## REQUIREMENT
The count of lines with the string "Imagen" in the material is all that should be returned.

═══ INFORMATION PROVIDED ═══

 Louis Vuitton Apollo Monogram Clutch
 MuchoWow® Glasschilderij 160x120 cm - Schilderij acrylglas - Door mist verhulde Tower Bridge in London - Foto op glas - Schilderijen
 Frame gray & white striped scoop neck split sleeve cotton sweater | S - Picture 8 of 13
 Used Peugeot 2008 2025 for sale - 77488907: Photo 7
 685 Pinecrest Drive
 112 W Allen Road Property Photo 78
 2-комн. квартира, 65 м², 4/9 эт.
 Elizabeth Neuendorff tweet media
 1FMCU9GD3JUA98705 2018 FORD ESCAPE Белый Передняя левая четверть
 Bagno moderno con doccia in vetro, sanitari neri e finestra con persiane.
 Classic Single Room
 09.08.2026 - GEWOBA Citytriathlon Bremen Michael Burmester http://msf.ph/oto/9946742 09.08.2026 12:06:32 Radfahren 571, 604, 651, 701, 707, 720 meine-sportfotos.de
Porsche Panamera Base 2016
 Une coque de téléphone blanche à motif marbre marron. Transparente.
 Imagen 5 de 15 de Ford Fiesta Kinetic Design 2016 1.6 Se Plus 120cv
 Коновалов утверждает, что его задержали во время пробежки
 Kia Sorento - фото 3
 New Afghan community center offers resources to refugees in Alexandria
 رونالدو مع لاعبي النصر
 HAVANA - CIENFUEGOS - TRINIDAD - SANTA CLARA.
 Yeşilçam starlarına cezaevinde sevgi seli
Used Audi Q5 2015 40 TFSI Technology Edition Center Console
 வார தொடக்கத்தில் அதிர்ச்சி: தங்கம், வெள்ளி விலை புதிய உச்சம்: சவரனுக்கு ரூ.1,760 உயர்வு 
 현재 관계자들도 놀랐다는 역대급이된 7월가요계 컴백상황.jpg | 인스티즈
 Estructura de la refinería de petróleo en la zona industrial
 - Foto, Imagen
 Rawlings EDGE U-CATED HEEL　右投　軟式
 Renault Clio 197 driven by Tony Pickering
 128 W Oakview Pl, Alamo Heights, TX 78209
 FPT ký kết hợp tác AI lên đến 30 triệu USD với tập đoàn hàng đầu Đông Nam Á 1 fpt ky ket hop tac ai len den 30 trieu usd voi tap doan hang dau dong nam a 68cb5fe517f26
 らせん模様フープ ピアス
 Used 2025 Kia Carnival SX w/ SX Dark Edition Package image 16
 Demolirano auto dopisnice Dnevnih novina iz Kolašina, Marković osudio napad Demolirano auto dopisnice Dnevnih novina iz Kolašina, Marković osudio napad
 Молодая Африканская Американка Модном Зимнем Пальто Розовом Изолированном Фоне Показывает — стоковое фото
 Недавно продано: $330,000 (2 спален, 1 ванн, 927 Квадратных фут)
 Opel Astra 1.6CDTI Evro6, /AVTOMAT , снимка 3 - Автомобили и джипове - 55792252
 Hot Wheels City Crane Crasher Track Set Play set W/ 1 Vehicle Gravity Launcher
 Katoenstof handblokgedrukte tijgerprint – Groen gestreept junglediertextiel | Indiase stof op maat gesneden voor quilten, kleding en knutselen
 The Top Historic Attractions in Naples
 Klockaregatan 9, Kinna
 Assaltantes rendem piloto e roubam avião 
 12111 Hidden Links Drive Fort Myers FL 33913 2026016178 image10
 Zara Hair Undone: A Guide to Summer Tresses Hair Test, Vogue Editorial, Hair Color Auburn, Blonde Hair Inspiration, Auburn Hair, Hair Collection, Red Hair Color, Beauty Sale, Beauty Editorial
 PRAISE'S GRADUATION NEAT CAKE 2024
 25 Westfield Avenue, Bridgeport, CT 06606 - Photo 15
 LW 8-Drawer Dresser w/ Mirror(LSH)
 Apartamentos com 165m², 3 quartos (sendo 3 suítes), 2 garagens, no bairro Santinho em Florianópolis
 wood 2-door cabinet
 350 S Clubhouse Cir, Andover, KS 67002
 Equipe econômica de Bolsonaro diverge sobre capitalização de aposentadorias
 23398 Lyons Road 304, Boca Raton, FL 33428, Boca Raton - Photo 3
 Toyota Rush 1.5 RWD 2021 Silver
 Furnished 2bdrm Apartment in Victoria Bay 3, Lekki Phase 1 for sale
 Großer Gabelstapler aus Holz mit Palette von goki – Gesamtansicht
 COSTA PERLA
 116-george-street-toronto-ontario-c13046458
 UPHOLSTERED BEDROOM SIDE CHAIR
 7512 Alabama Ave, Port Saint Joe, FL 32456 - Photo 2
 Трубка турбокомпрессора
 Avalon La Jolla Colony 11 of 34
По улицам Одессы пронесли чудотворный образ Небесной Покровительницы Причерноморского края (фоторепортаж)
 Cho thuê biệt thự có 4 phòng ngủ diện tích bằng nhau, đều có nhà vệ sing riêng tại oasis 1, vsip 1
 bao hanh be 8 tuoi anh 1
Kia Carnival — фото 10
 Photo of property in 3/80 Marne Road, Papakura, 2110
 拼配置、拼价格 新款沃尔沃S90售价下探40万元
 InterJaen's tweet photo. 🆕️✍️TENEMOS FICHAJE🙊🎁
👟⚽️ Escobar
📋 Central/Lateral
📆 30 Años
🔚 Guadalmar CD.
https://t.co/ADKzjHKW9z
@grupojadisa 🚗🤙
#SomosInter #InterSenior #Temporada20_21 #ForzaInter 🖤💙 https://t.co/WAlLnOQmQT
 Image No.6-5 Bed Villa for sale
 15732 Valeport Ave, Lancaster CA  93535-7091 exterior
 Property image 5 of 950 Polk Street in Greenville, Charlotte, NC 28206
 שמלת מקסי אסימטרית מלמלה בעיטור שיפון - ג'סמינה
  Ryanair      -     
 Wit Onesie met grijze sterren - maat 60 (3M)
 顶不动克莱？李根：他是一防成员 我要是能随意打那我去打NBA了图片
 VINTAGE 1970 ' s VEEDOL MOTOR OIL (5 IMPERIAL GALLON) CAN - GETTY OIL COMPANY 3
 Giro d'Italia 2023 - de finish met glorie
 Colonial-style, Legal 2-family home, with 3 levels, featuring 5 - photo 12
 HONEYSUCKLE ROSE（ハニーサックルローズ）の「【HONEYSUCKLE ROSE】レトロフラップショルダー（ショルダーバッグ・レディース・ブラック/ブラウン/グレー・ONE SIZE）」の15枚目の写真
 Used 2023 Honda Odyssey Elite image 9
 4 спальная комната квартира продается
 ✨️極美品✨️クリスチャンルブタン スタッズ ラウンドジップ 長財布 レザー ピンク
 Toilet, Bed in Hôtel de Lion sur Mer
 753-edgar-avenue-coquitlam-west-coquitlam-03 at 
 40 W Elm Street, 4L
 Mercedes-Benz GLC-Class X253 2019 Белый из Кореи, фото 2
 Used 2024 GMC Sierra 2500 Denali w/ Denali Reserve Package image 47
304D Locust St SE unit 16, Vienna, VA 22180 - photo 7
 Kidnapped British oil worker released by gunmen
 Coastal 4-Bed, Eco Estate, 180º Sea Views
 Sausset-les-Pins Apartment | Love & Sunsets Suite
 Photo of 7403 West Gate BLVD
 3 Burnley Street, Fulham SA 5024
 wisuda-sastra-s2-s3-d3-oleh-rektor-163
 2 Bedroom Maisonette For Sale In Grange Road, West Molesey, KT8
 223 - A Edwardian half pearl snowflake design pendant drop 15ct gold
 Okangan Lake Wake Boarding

═══

## SOLUTION TO THIS PROBLEM
2